Seksualizacja dzieci w teledyskach Tęczowego Music Boxu nie miała miejsca. Ekspert wyjaśnia
Tęczowy Music Box to program, od którego karierę rozpoczynało wiele gwiazd, w tym Alicja Bachleda-Curuś. O show z lat. 90 stało się głośno za sprawą oskarżeń Krzysztofa Sadowskiego o pedofilię. Pod fragmentami programu czytamy różne opinie internautów na temat wyglądu dziewczynek biorących udział w show. Czy strój i taniec dzieci miały wpływ na to, co się stało?
1. Tęczowy Music Box – afera pedofilska
Prokuratura prowadzi śledztwo w sprawie zgwałcenia dwóch osób poniżej 15. r.ż. przez Krzysztofa Sadowskiego. Oskarżeń wobec domniemanego sprawcy jest coraz więcej – okazuje się, że ofiar mogło być wiele.
Sprawa rozwija się dynamicznie. Być może dwie kobiety, które oskarżyły Sadowskiego o gwałt, dodały odwagi pozostałym, które pójdą w ich ślady. Jedno jest pewne - zmowa milczenia została przerwana, a kobiety odważnie mówią o tym, co miało je spotkać.
‘’Niestety, z ogromną przykrością informuję, że nie ma już żadnych wątpliwości. Krzysztof Sadowski, wielka postać polskiego jazzu, wieloletni prezes Polskiego Towarzystwa Jazzowego, współtwórca Tęczowego Music Box, działacz Jazz Jamboree i innych programów, nauczyciel setek, a może i tysięcy dzieci, był pedofilem. Ta sprawa będzie bardzo bolesna dla całego środowiska, które w dużej części wiedziało i kryło pedofilię’’ – napisał na swoim facebookowym profilu Mariusz Zielke, dziennikarz śledczy.
2. Tęczowy Music Box – teledyski ociekające seksem?
Tęczowy Music Box, Fasolki, Dyskoteka Pana Jacka – przywołują miłe wspomnienia z dzieciństwa. Kto z nas nie zasiadał przed telewizorem i nie kibicował młodym gwiazdom polskiego show biznesu. Mogliśmy obserwować rozkwit kariery Alicji Bachledy-Curuś, Joanny Jabłczyńskiej, Moniki Mrozowskiej i Izy Miko.
Przyjrzeliśmy się bliżej teledyskom Tęczowego Music Boxu, gdy zauważyliśmy dyskusję, która ma miejsce pod filmami. Jedni oskarżają produkcję o zły wybór strojów do show, inni rodziców, a niektórzy dzieci. Poprosiliśmy o ich ocenę psychologa seksuologa, Tomasza Brzózkę.
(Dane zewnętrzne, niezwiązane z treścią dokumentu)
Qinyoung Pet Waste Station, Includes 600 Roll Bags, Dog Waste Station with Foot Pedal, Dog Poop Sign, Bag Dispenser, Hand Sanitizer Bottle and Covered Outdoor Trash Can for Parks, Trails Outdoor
Pierwsze, na co należy zwrócić uwagę, to stroje. Moda lat 90. znacznie różni się od dzisiejszej - jest mniej wyzywająca. Kolorowe, modne stroje sceniczne przyciągają wzrok, jednak osobom odpowiedzialnym za strój dzieci nie można niczego zarzucić.
- Mówiąc o seksualności i seksualizacji należy odnosić się do kontekstu. Teledyski podnoszące atrakcyjność dziecka nie są dobre, jednak w tych nie widzę takiego zabiegu - mówi seksuolog, Tomasz Brzózka.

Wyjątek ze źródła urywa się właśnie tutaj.